**WORK REQUIRED:** Make an exact copy of the data below, leaving out every picture.

[Data entries]
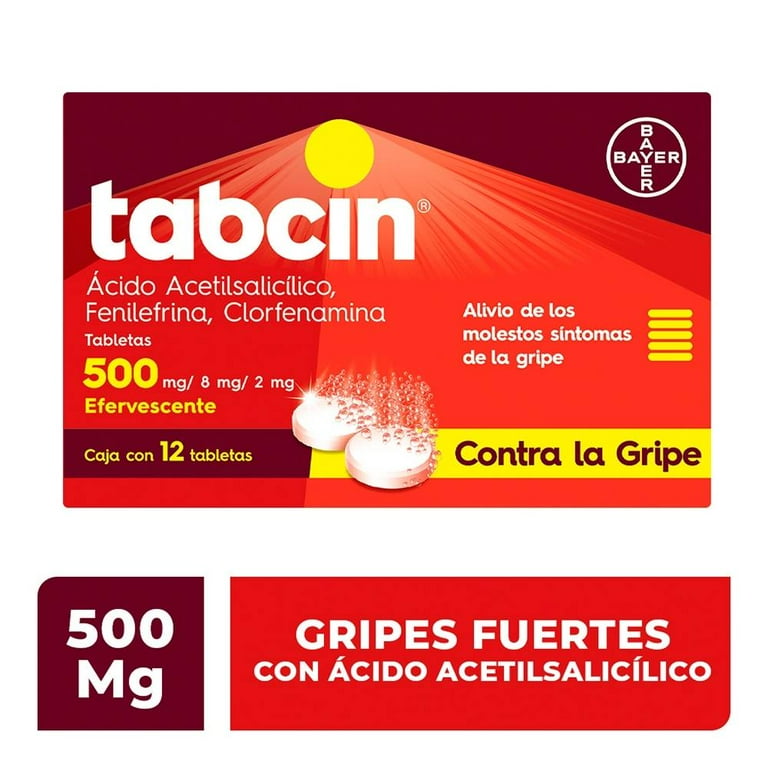 Antrigripal Tabcin Ácido Acetilsalicílico 500 mg / Fenilefrina 8 mg / Clorfenamina 2 mg 12 tabletas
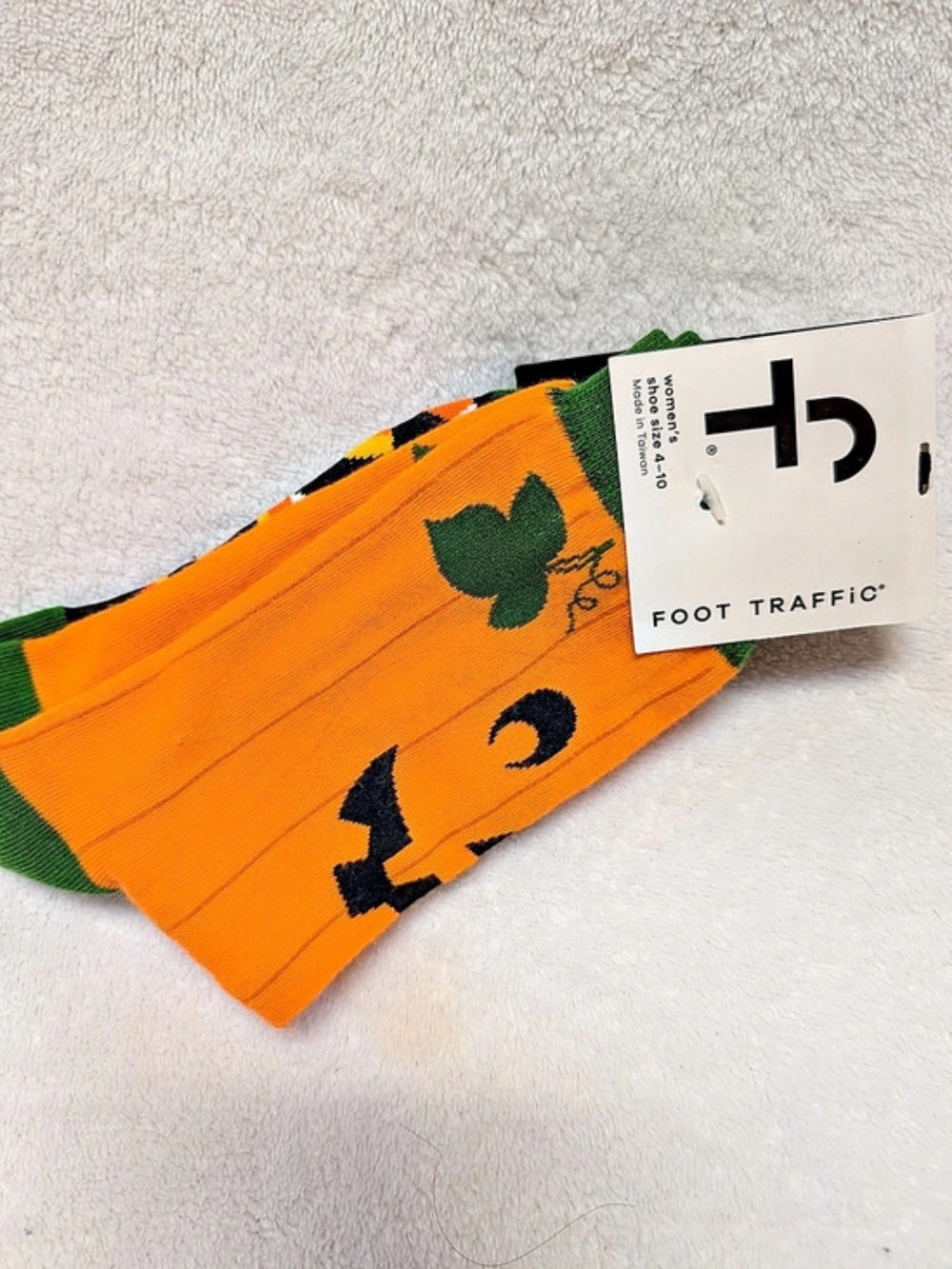 Foot Traffic Jack o Lantern Women's Novelty Socks Novelty Crew Socks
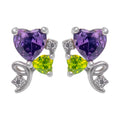 Aretes Corazón Violeta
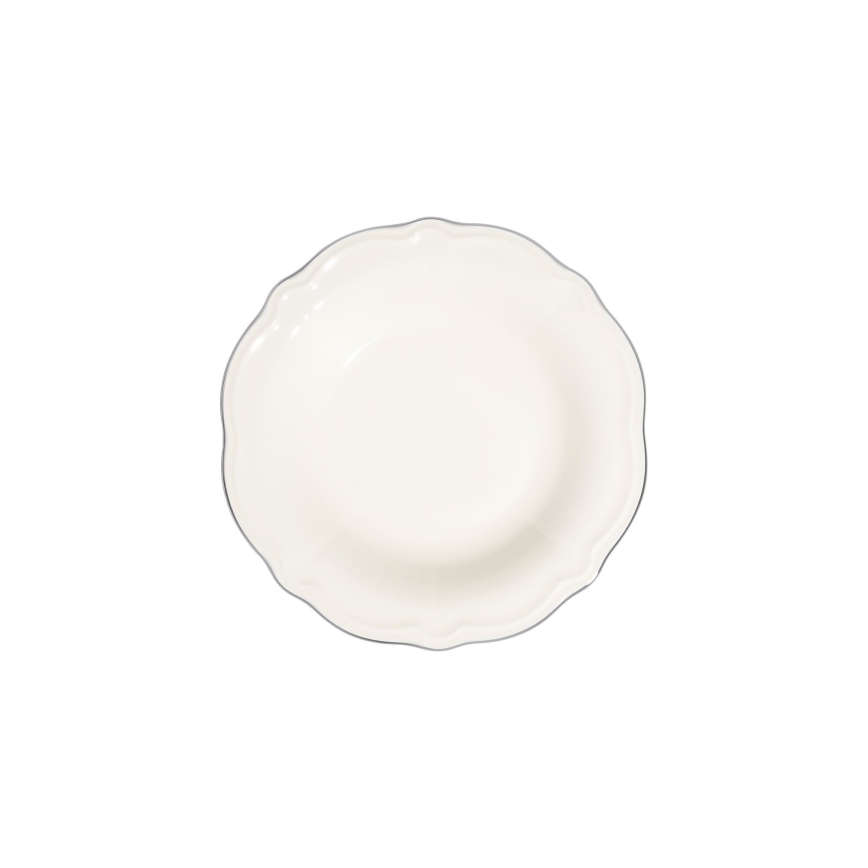 53-częściowy komplet obiadowy, biały/srebrny, porcelana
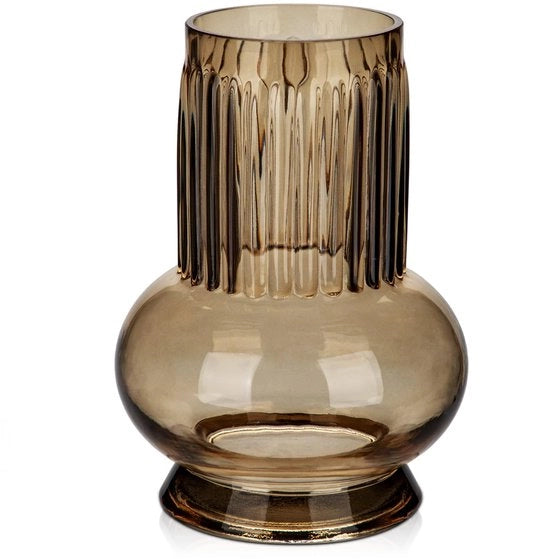 Vasi di vetro per fiori moderni, 18 cm alto vaso da tavolo di vetro, decorativo in legno scuro per fiori, vaso decorativo per fiori, vaso cilindrico di vetro irregolare per decorazione da tavolo, ufficio, cucina, regalo di nozze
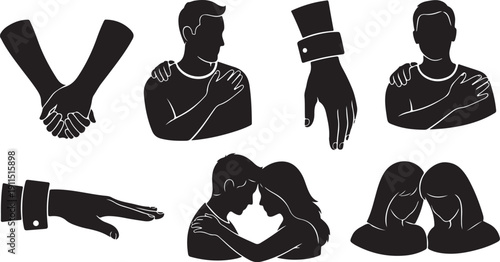 Silhouette illustrations of people showing various emotional gestures and actions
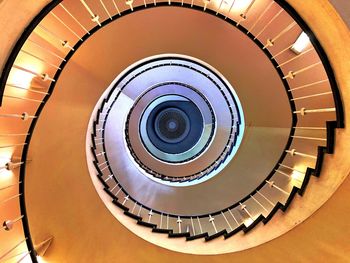 Directly below shot of spiral staircase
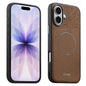 Suteni G8 Magnetic Triangle Texture Vegan Leather Back Phone Case, For iPhone 18 Pro / 17 Pro, For iPhone 18 Pro Max / 17 Pro Max, For iPhone 17, For iPhone 16 Pro Max, For iPhone 16 Pro, For iPhone 16, For iPhone 15 Pro Max, For iPhone 15 Pro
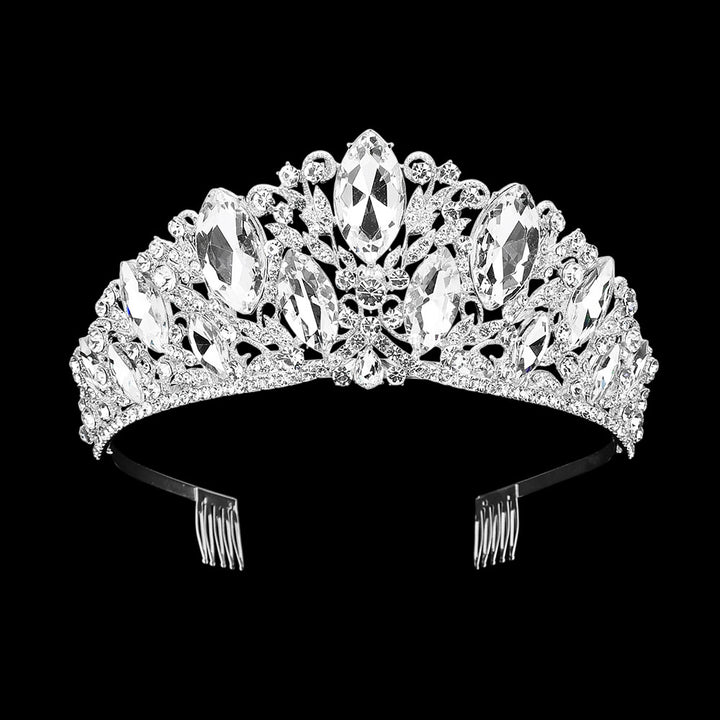 Marquise Cluster Accent Rhinestone Embellished Queen Tiara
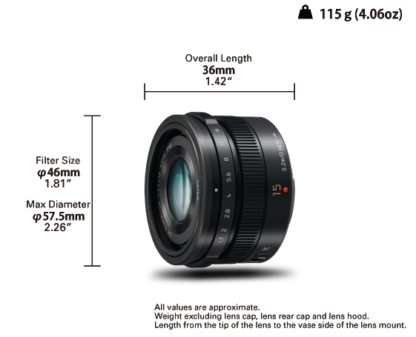 Panasonic LEICA DG SUMMILUX 15mm f/1.7 ASPH.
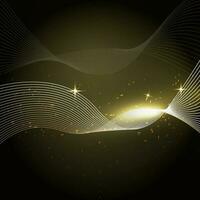 Abstract Wave Lines Motion Background With Glare Effect. vector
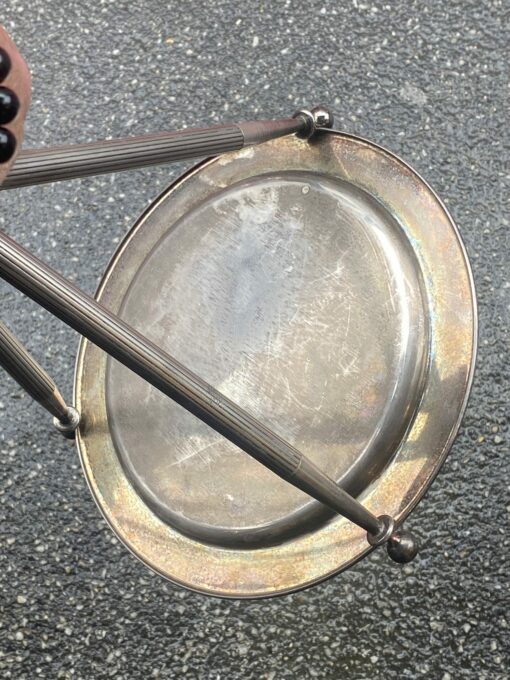 1950' Silver Bronze Tripod Pedestal Table ø 34 cm H 59 cm - Image 2
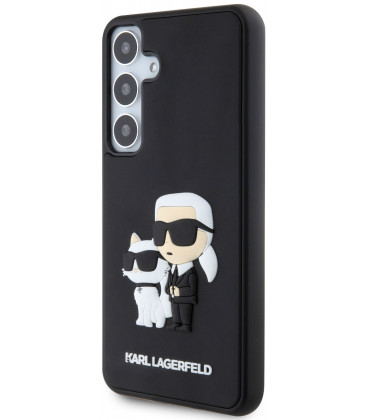 Juodas dėklas Samsung Galaxy S24 Plus telefonui "Karl Lagerfeld 3D Rubber Karl and Choupette Case"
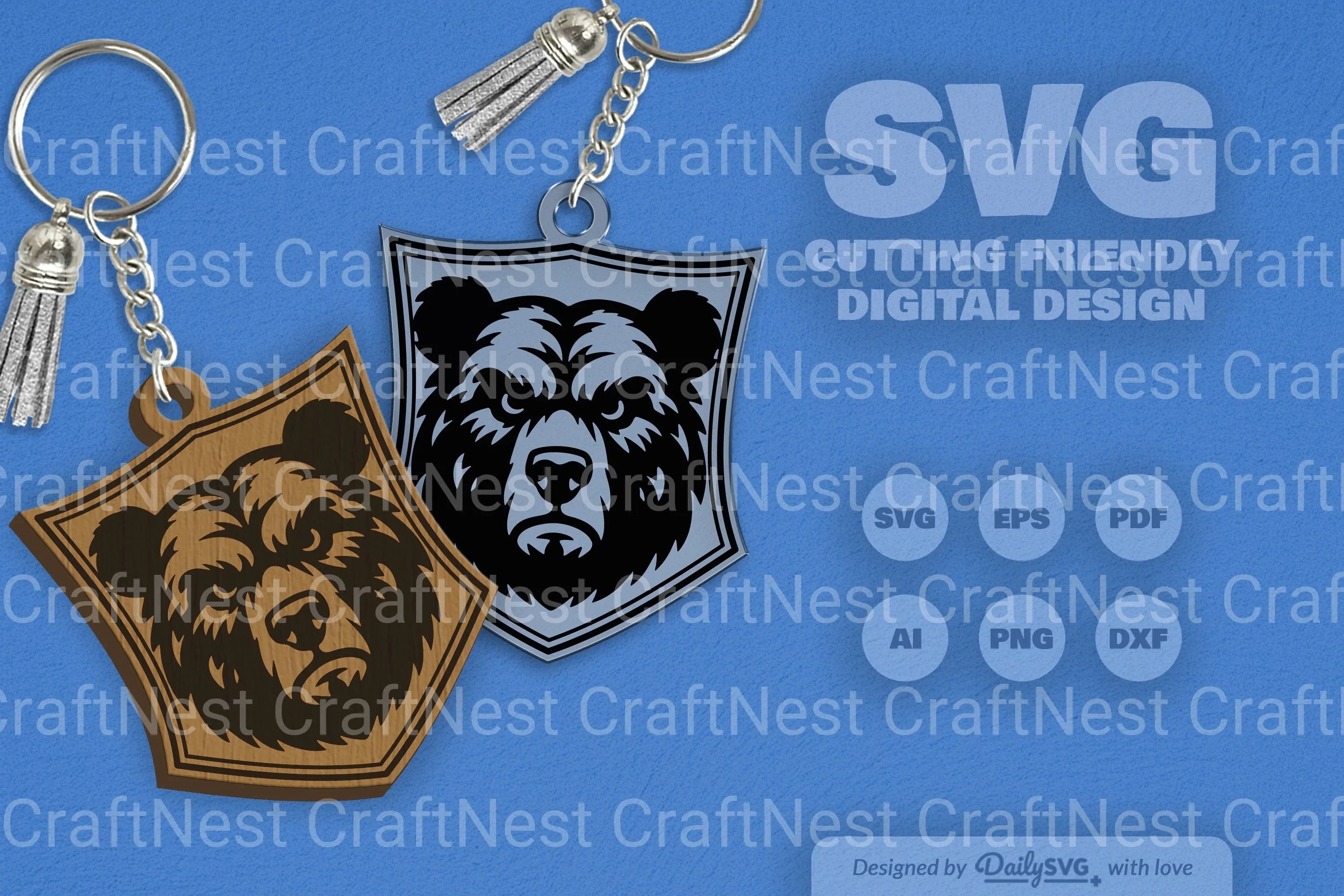Wild Animal Keychain SVG Bundle SVGs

**OUTPUT:**
 Antrigripal Tabcin Ácido Acetilsalicílico 500 mg / Fenilefrina 8 mg / Clorfenamina 2 mg 12 tabletas
 Foot Traffic Jack o Lantern Women's Novelty Socks Novelty Crew Socks
 Aretes Corazón Violeta
 53-częściowy komplet obiadowy, biały/srebrny, porcelana
 Vasi di vetro per fiori moderni, 18 cm alto vaso da tavolo di vetro, decorativo in legno scuro per fiori, vaso decorativo per fiori, vaso cilindrico di vetro irregolare per decorazione da tavolo, ufficio, cucina, regalo di nozze
 Silhouette illustrations of people showing various emotional gestures and actions
 Directly below shot of spiral staircase
 Suteni G8 Magnetic Triangle Texture Vegan Leather Back Phone Case, For iPhone 18 Pro / 17 Pro, For iPhone 18 Pro Max / 17 Pro Max, For iPhone 17, For iPhone 16 Pro Max, For iPhone 16 Pro, For iPhone 16, For iPhone 15 Pro Max, For iPhone 15 Pro
 Marquise Cluster Accent Rhinestone Embellished Queen Tiara
 Panasonic LEICA DG SUMMILUX 15mm f/1.7 ASPH.
 Abstract Wave Lines Motion Background With Glare Effect. vector
 1950' Silver Bronze Tripod Pedestal Table ø 34 cm H 59 cm - Image 2
 Juodas dėklas Samsung Galaxy S24 Plus telefonui "Karl Lagerfeld 3D Rubber Karl and Choupette Case"
Wild Animal Keychain SVG Bundle SVGs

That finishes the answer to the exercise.